_EXERCISE_
An exact reproduction is required of the lines from the beginning of the entries through the line with "Ultimate Baby Grooming", pictures excluded and nothing added.

(Records from a data source)
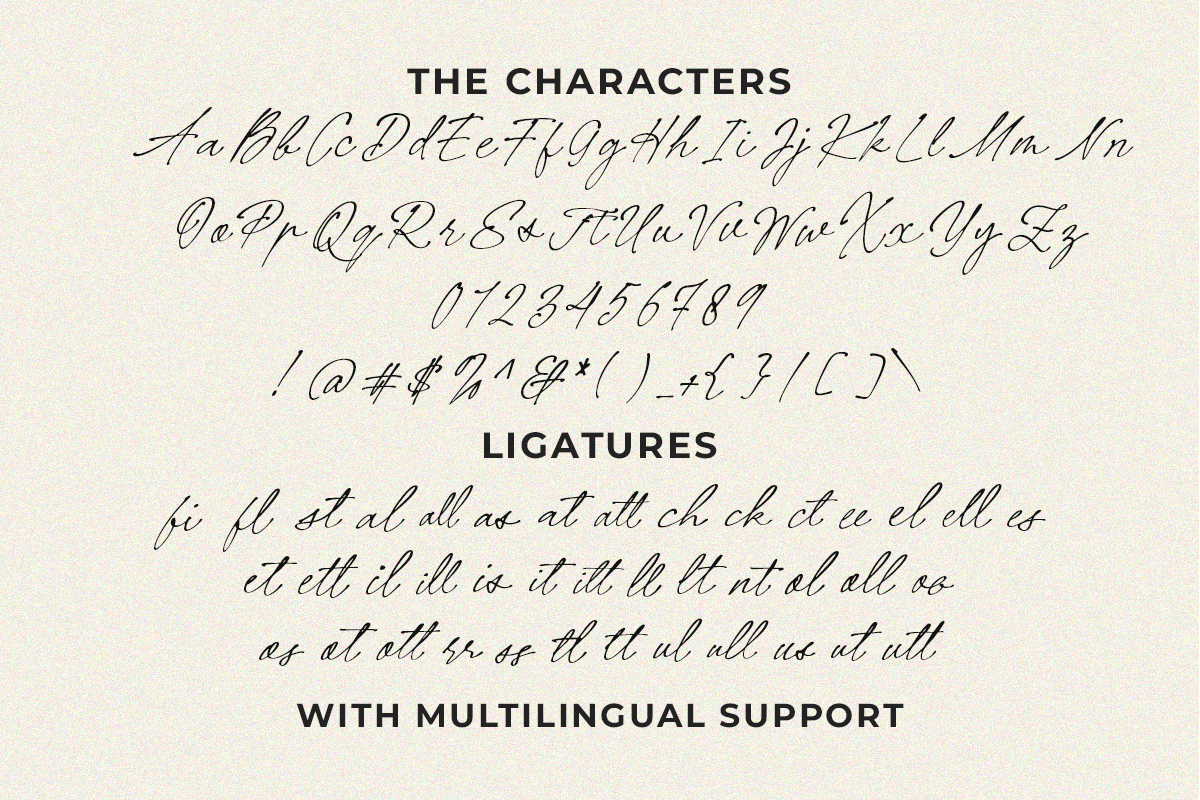 Silent Tower, a Font by DzikrulAulia (Photo 5 of 9)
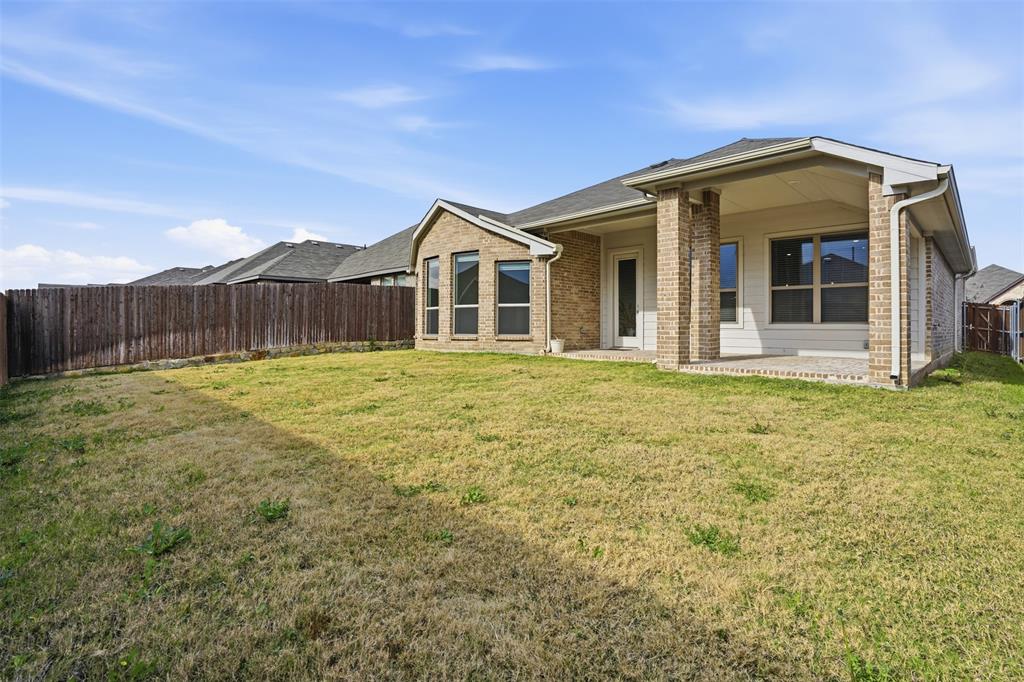 Marine Creek Ranch Add - Residential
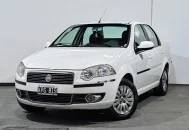 Fiat Siena Atrattive 1.4 Be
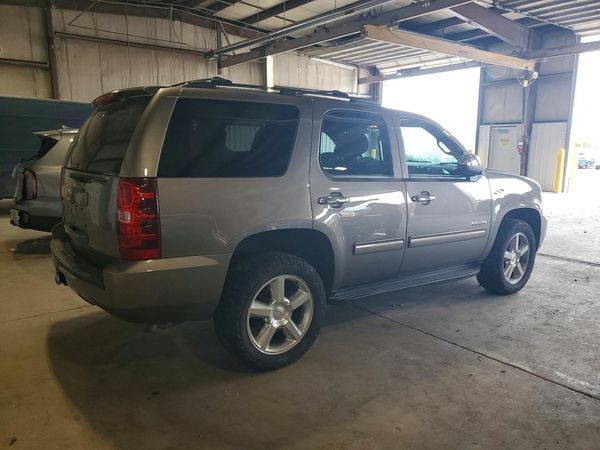 2014 CHEVROLET TAHOE LS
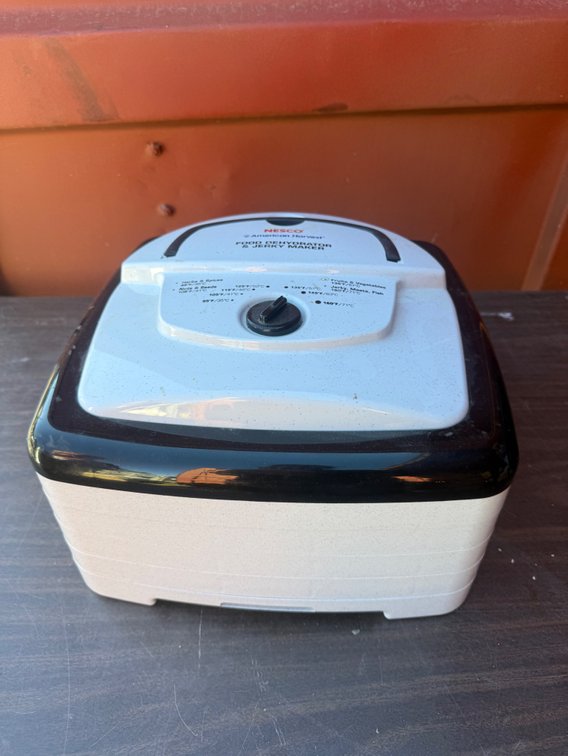 Food Dehydrator and Jerky Maker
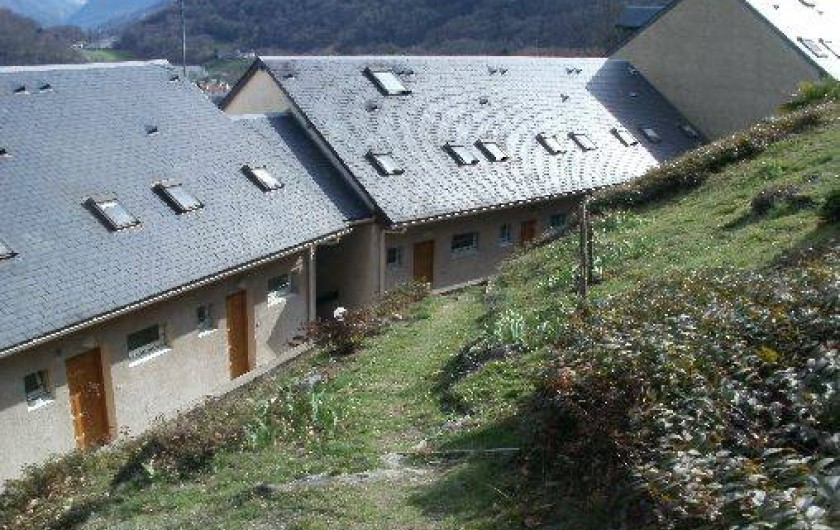 Location de vacances - Appartement à Argelès-Gazost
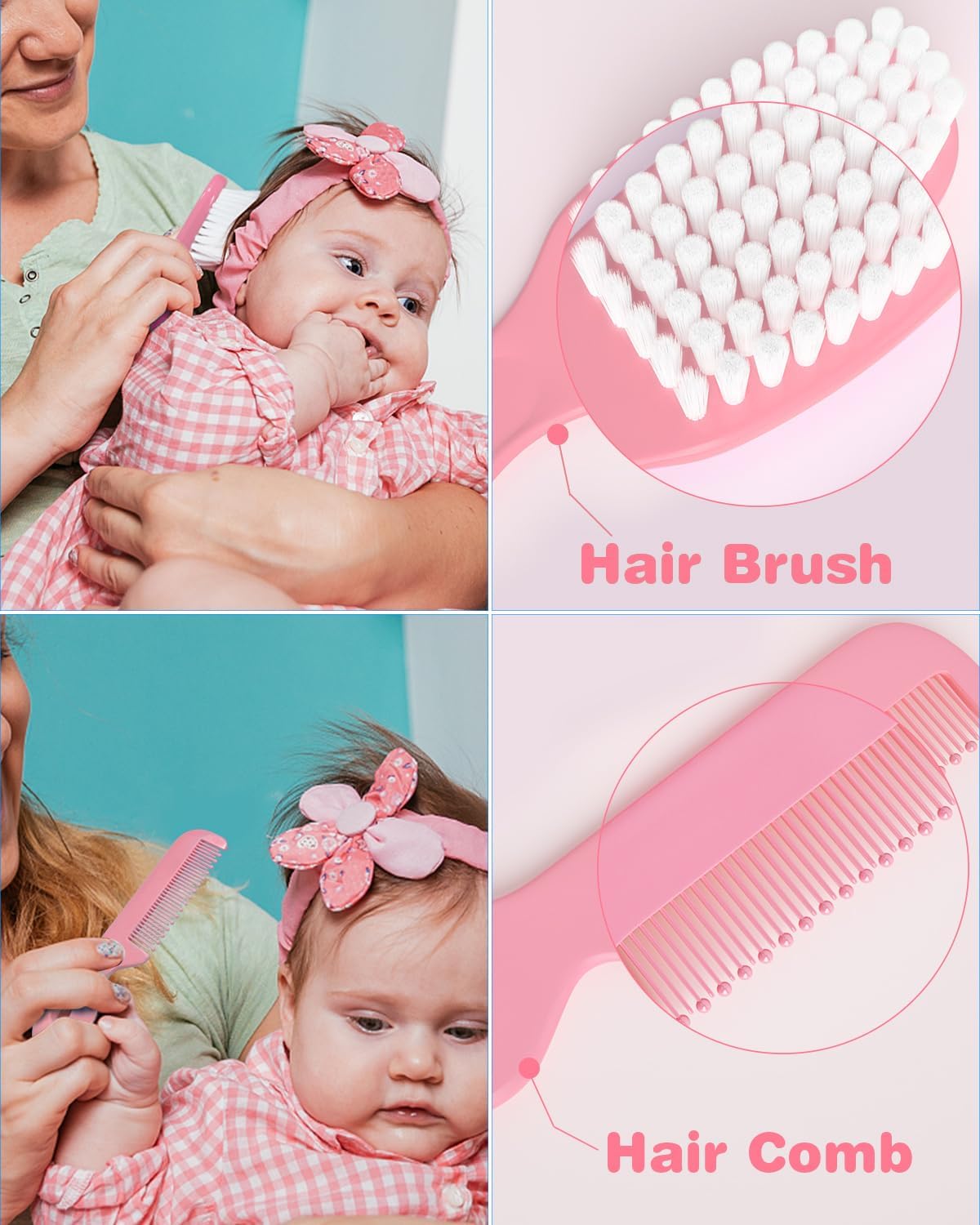 Ultimate Baby Grooming Made Easy: Review of the OTTOLIVES 24-in-1 Healthcare Kit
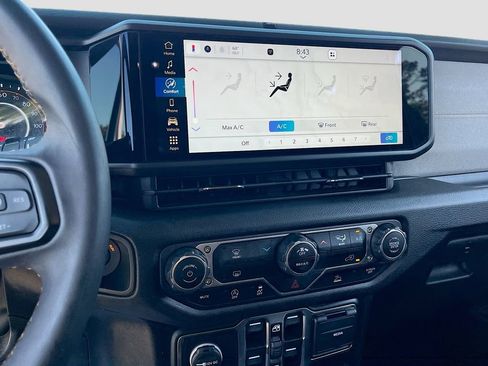 Certified 2024 Jeep Wrangler Sport S AWD/4WD image 15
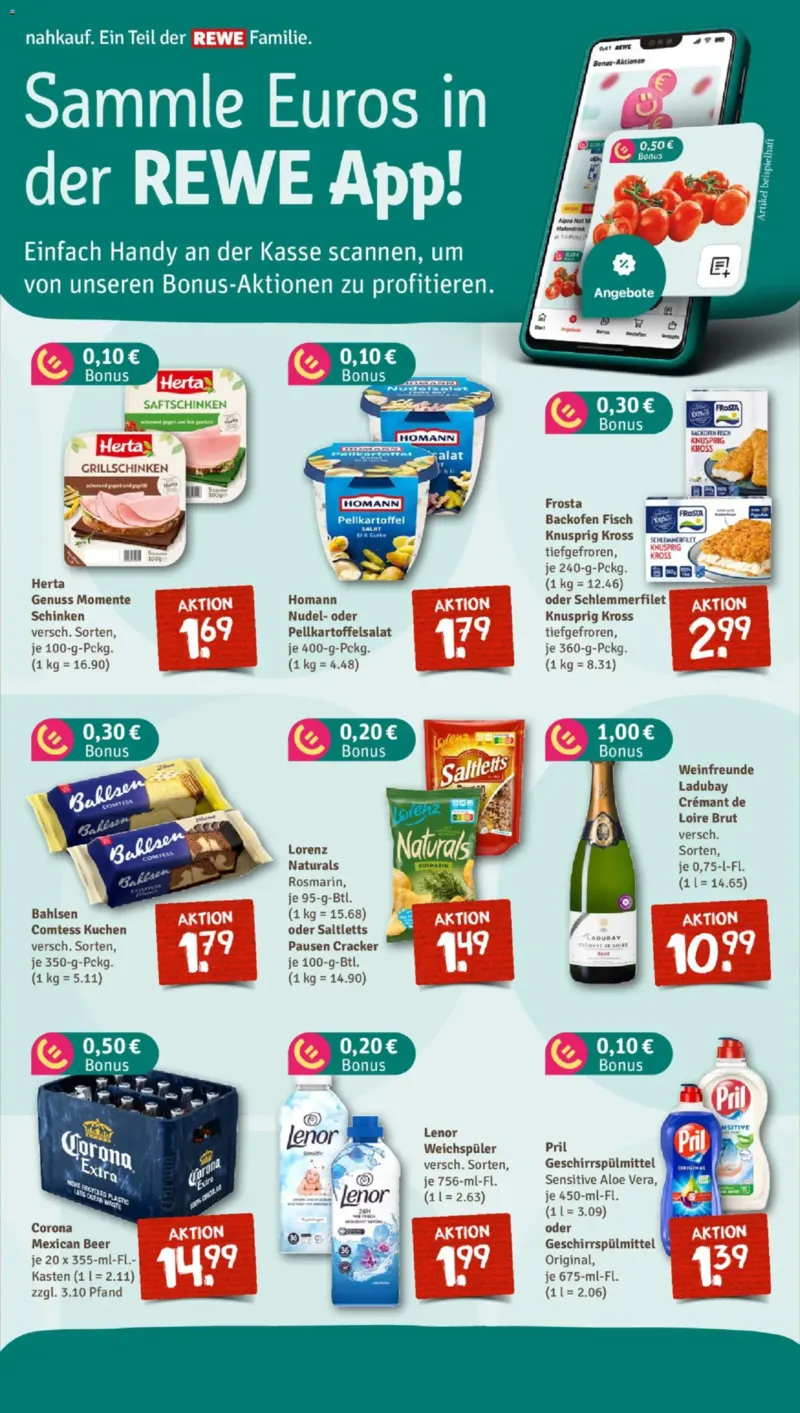 Nahkauf Prospekt vom 01.12.2025, Seite 5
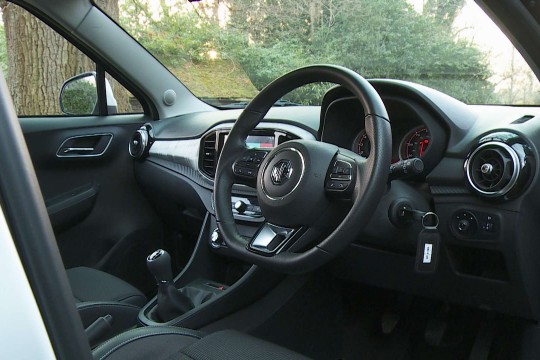 MG Motor UK 3 Hatchback MG3 5 Door Hatch 1.5 Dohc VTi-TECH Exclusive Nav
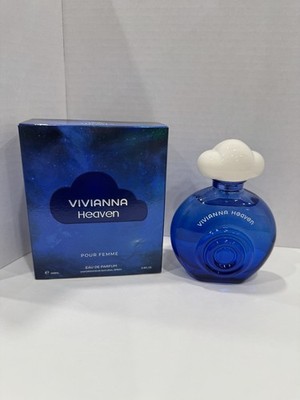 VIVIANNA Heaven POUR FEMME e 100ML EAU DE PARFUM VAPORISATEUR NATURAL SPRAY 3.4F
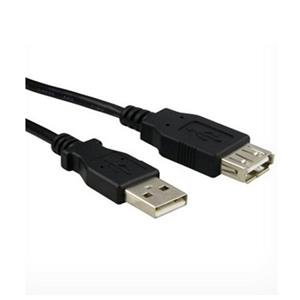 کابل افزایش طول USB کی نت با طول 3 متر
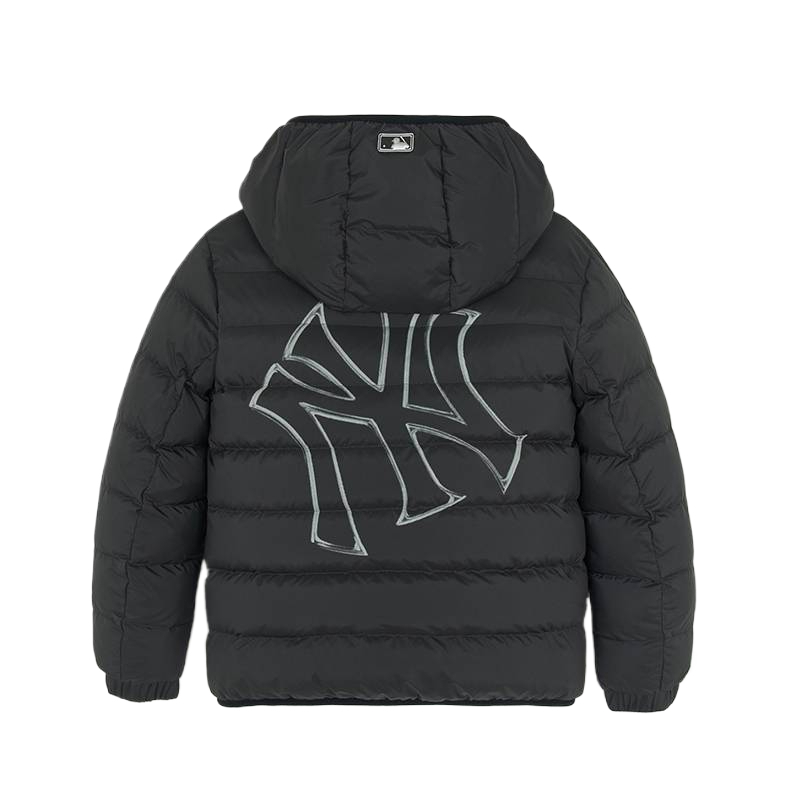 

Пуховик New York Yankees FW25 детский MLB KIDS, серый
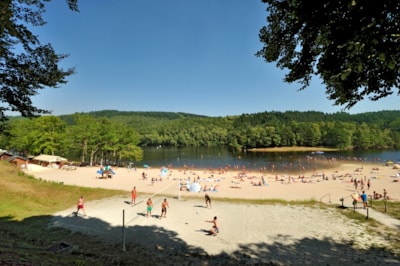 Flower Camping La Plage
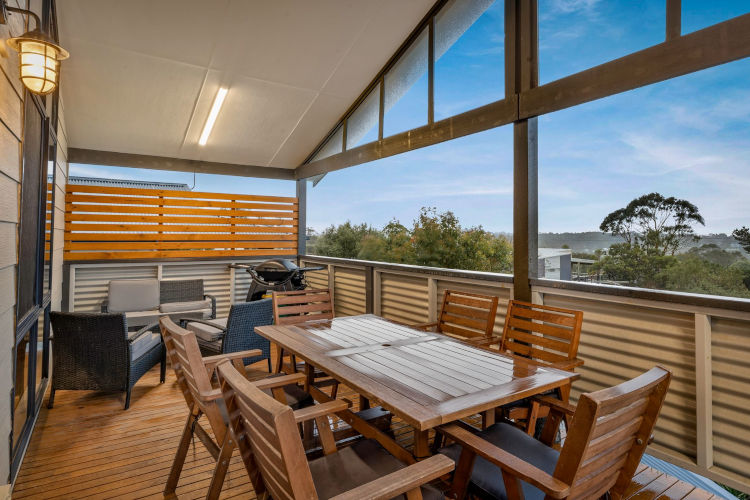 View to the Green, Cowes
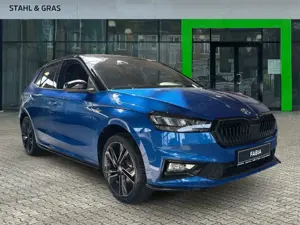 Skoda Fabia Monte Carlo 1,0 TSI 70 kW 5-Gang-Schaltget Digital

_WRITTEN ANSWER_
 Silent Tower, a Font by DzikrulAulia (Photo 5 of 9)
 Marine Creek Ranch Add - Residential
 Fiat Siena Atrattive 1.4 Be
 2014 CHEVROLET TAHOE LS
 Food Dehydrator and Jerky Maker
 Location de vacances - Appartement à Argelès-Gazost
 Ultimate Baby Grooming Made Easy: Review of the OTTOLIVES 24-in-1 Healthcare Kit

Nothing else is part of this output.